→ **SUPPLIED MATERIAL**
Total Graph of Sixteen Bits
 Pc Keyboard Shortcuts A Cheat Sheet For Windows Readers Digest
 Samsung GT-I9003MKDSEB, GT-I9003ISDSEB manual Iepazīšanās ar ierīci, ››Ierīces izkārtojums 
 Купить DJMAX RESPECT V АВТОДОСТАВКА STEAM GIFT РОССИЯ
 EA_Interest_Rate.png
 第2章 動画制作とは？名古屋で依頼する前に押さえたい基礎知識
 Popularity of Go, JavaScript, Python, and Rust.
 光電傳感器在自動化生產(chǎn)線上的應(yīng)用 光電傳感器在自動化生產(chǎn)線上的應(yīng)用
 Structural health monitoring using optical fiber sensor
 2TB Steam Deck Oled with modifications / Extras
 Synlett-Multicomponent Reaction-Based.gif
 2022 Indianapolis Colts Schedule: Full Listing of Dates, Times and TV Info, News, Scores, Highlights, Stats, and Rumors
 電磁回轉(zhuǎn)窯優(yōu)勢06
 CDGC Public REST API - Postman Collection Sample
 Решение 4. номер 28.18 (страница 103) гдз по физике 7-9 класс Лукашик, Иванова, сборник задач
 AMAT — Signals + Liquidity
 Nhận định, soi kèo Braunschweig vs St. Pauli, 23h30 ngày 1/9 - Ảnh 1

→ **EXERCISE PROMPT**
Restate the line containing "CDGC Public REST" and every remaining line of the records word for word. Add nothing.

→ **TASK RESULT**
 CDGC Public REST API - Postman Collection Sample
 Решение 4. номер 28.18 (страница 103) гдз по физике 7-9 класс Лукашик, Иванова, сборник задач
 AMAT — Signals + Liquidity
 Nhận định, soi kèo Braunschweig vs St. Pauli, 23h30 ngày 1/9 - Ảnh 1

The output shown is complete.